From the traditional TV viewing point of view, Apple TV is a strange beast. It is not a DVD player or a DVR, so it is not about replacing a piece of equipement that we already own. Apple TV 'merely' plays content from your computer on your TV, be it video purchased from iTunes Music Store or video ripped from DVD, etc. Nothing revoluionary there, is there?

But if you look at Apple TV from another angle. One where video content are no longer served by the few TV networks and I think this is where Apple TV will be the watershed device when we look back in 5 years time. DVRs, and to some extend DVD players, have changed TV viewing for many people. We are no longer tied to the TV schedules defined by someone working at a desk in the network. Now we can record shows that we want to watch and then watch them when we want to. If we take this one step further so now we also control what will be shown on the TV, this is what makes Apple TV so special and may take a while for content creators to recognise.

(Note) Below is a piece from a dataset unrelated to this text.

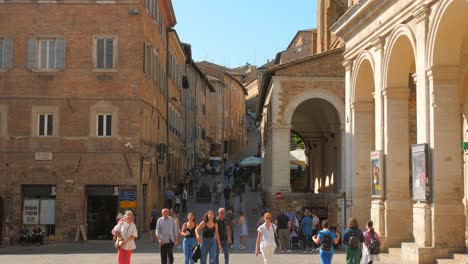 People-At-The-Historical-Sites-In-The-Public-Square-Of-Urbino-Old-Town-In-Italy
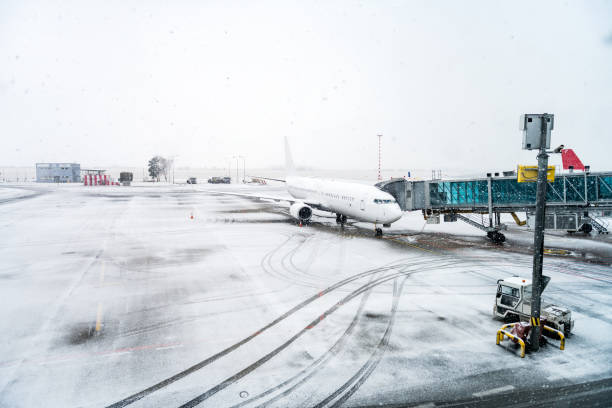 Horizontal color image of airplane during snowstorm.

With video podcasts on iTunes, Joost, and other P2P 'sources', we are no longer tied to content any more. We are now empowered to find content that we want to watch when we want to. Of course many people have been doing this for a long time but it is not simply a few clicks of the mouse button and most consumers neither have the skills nor the time to find content this way. Apple TV, I feel, is the device that will bring consumer awareness to the possibility of decentralised TV content. And this raise in awareness will finally force content providers (TV networks, movie studios, MPAA, etc.) to realise the old model can no longer be the only model. The cat is out of the bag and if the content providers want to be rewarded for content they created, they need to help us find content that we want to watch, not actively blocking us and force us into the old revenue streams (TV, movie theatres, DVD).